Your assignment →
Copy all entries verbatim and keep any pictures out of the copy.

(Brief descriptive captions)

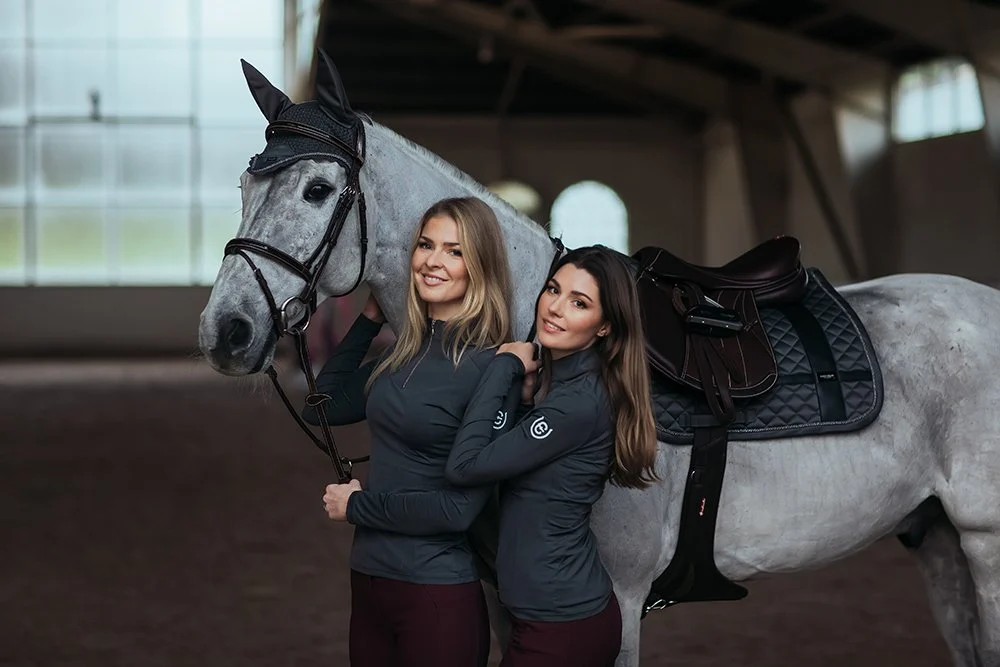 no-boundaries-silver-cloud-uv-protection-top-equestrian-stockholm-3 Equestrian Stockholm UV Schutz Top Silver Cloud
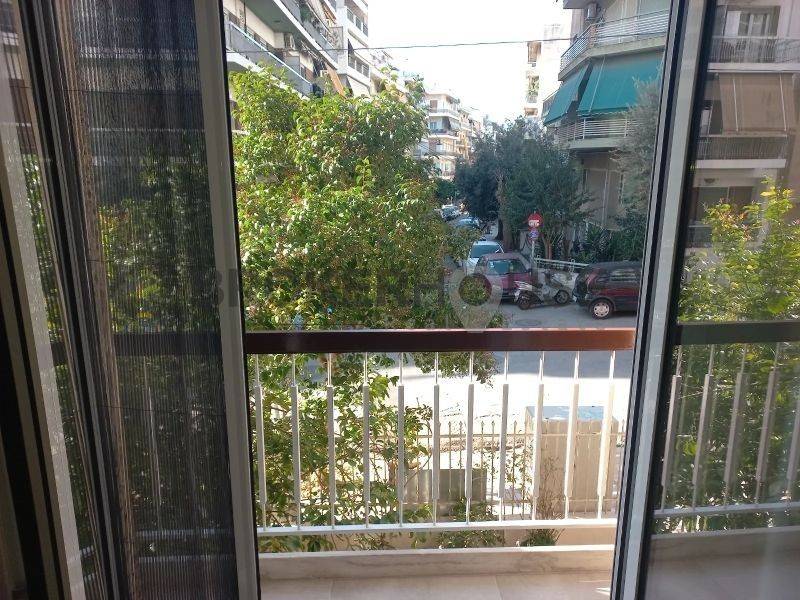 Θέα από μπαλκόνι,Μπαλκόνι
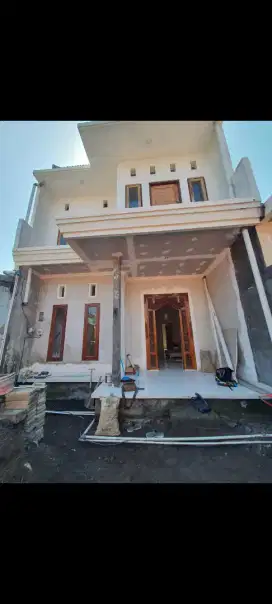 Dijual rumah baru dua lantai di pedungan denpasar bali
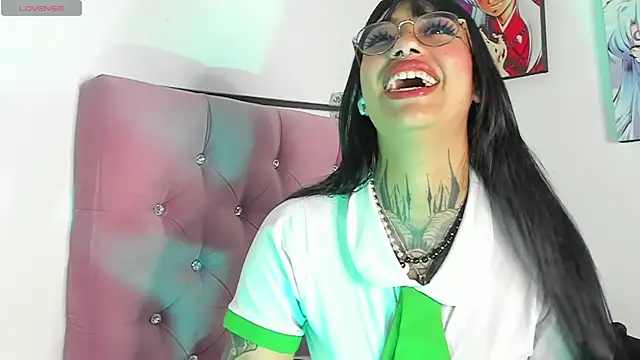 Snapshot of Akari1_Mischief chatting on 01.30.25 Akari1 Mischief online show from 01.30.25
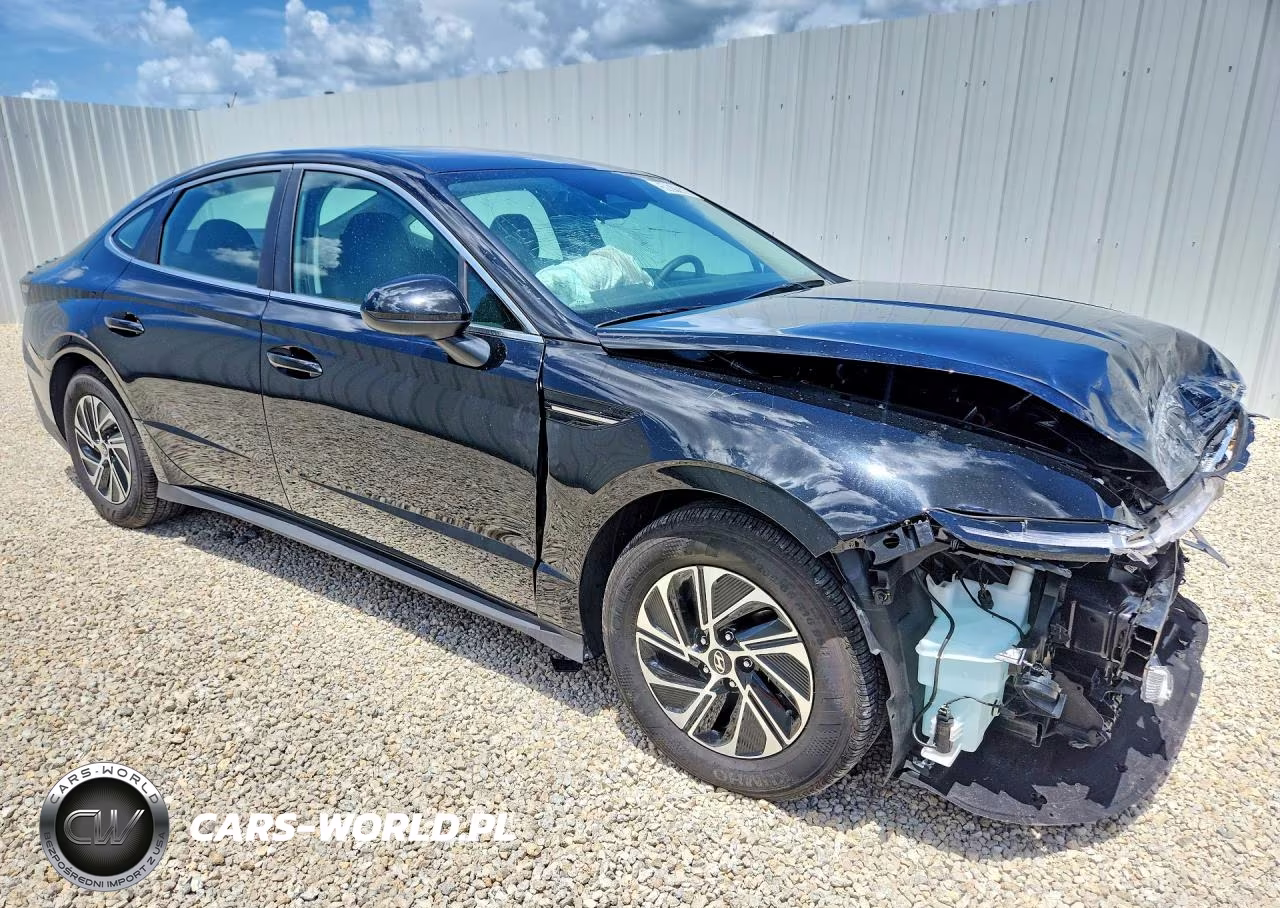 2026 Hyundai Sonata Hybrid Blue VIN:KMHL24JJ6TA157922 - 4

Result for this exercise →
 no-boundaries-silver-cloud-uv-protection-top-equestrian-stockholm-3 Equestrian Stockholm UV Schutz Top Silver Cloud
 Θέα από μπαλκόνι,Μπαλκόνι
 Dijual rumah baru dua lantai di pedungan denpasar bali
 Snapshot of Akari1_Mischief chatting on 01.30.25 Akari1 Mischief online show from 01.30.25
 2026 Hyundai Sonata Hybrid Blue VIN:KMHL24JJ6TA157922 - 4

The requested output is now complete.